Sunday, March 04, 2007

Reaching for "sufficient enough"

I've had a very crappy 8 weeks or so. One teacher told me, earlier in the year, that at some point you're going to hate yourself because you're not going to think you're doing a good job at all. I felt like this last semester, and understandably so, I was new to the job. But I've been teaching now for six months and I still feel that way. I've felt pretty ineffective and useless for most of the term. And what's sad is that I can see and relive positive moments that I've had in different classes this term, but they don't make me any happier or motivate me at all because they were so rare and surrounded by many more unhappy moments.

So besides sleeping and tearing up every now and then I've been thinking. Why exactly do I feel so useless? And I realized it's because I expected so much. I started out last summer making sure to have few to no expectations. Something happened along the way and I think I started expecting just about everything. I expected things to go as planned. I expected students to review the work at home. I expected to spend less time grading papers since I'd been doing it for half a year already. I expected my students to be somewhat civil in the classroom. I expected to be a better teacher than what I am now.
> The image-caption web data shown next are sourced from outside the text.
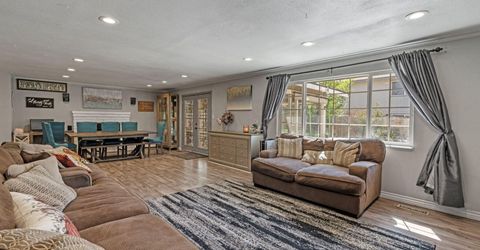 1525 E Telegraph Street, Carson City, NV 89701 Photo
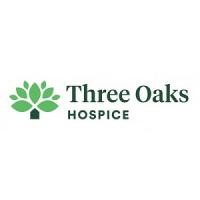 Three Oaks Hospice Logo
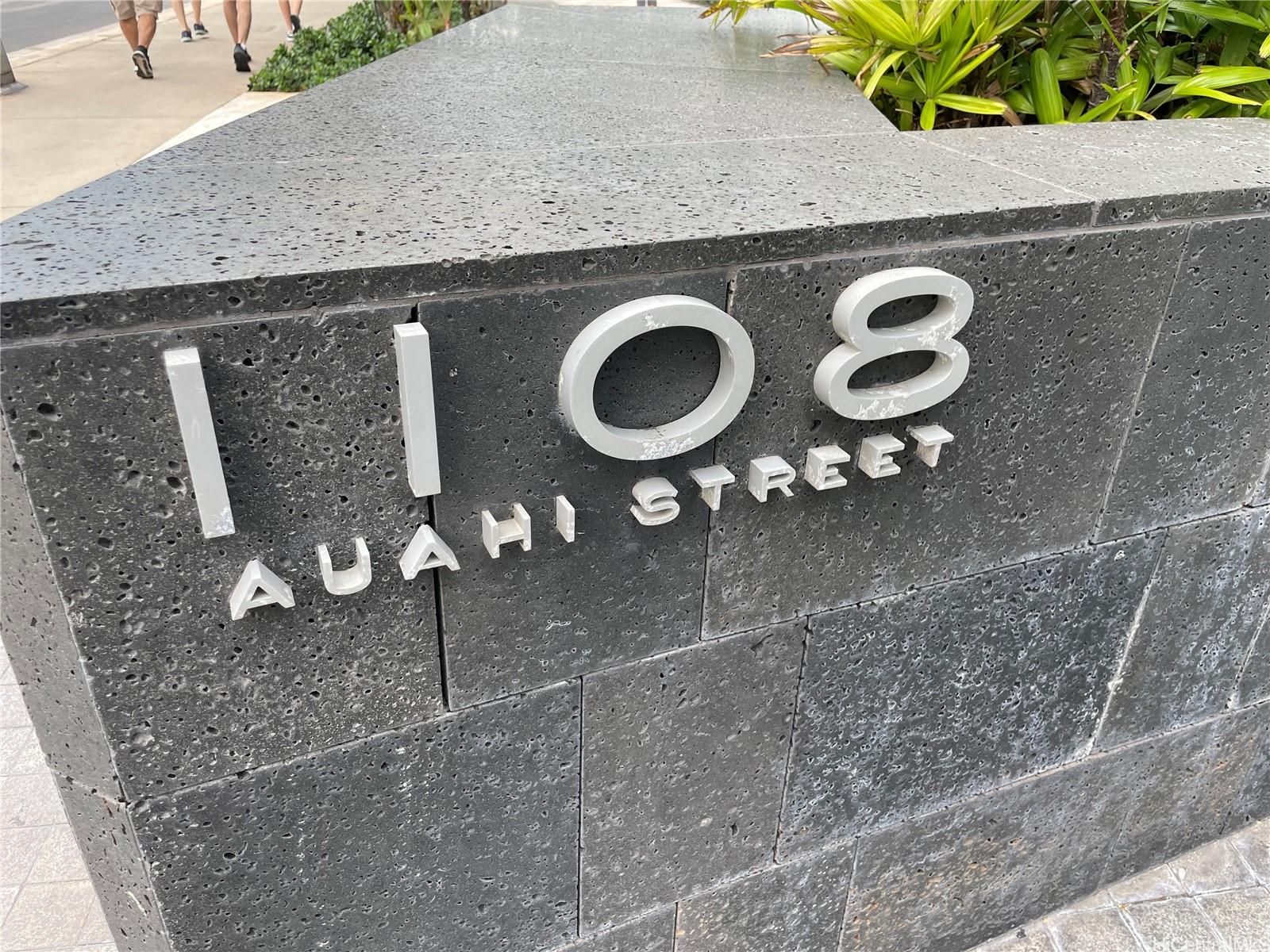 1108 Auahi Street #3203, Honolulu, HI 96814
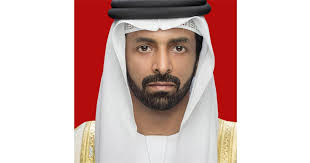 Emirati businessman Mohammed Bin Ham Al Ameri joins The Giving Pledge  campaign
I expected too much and didn't even know I was doing it.
In the back of my mind I keep on trying to be this sort of ideal teacher. The teacher that gets students their work in a timely manner, that does most of the things asked of her by the school administration, and that has time to help students individually, both in class and outside of class. A teacher that knows what she's doing. But sometimes I feel like I have no clue what's really going on. And I'm trying to work with this feeling of confusion and still get to this ideal teacher. I'm trying to pretend I'm not confused because I have other, slightly more immediate things to deal with. And I'm trying to walk in a straight line and maybe hold a couple things as I go. But it's not working and hasn't been. So with each step I take, to the right, then the left, then the right again, I'm still trying to walk straight and I'm still thinking of getting to the ideal teacher that's waiting for me, but I'm getting quite frustrated because I can't get my feet to do what my mind wants. And the mind.. the mind is supposed to control your body's movements. If the mind says walk straight, the body should walk straight. And if my mind says be a good teacher, then i should be a good teacher. But this is not happening. I'm still walking to the right and to the left and I'm still not where I want to be as a teacher.
Anyways. So that day that I was thinking, I also thought, "What would've happened if i came in here trying to be sufficient enough? If i had no hopes for greatness in any part of my teaching?" If I didn't have this idea of me as an "ideal teacher," it wouldn't matter that I was walking to the right and to the left. If that didn't matter, then I wouldn't be so unsatisfied and frustrated right now. My problem has been this ideal and my expectations. If i threw them all out the window, I would probably have fewer teaching nightmares, would have more time to actually eat a lunch... I could probably throw my bottles of Advil and DayQuil in the garbage...
But then i thought "Of course you can't do that. You'd be no different from too many others and that's why you're here."... yeah yeah i know. And of course, this was just one thought I had for a couple seconds a lil' while ago. I'll keep on doing what I'm supposed to as best as i can.

This is really beginning to take the life out of me. I'm just trying to find a solution, because you can't do anything with a dead teacher.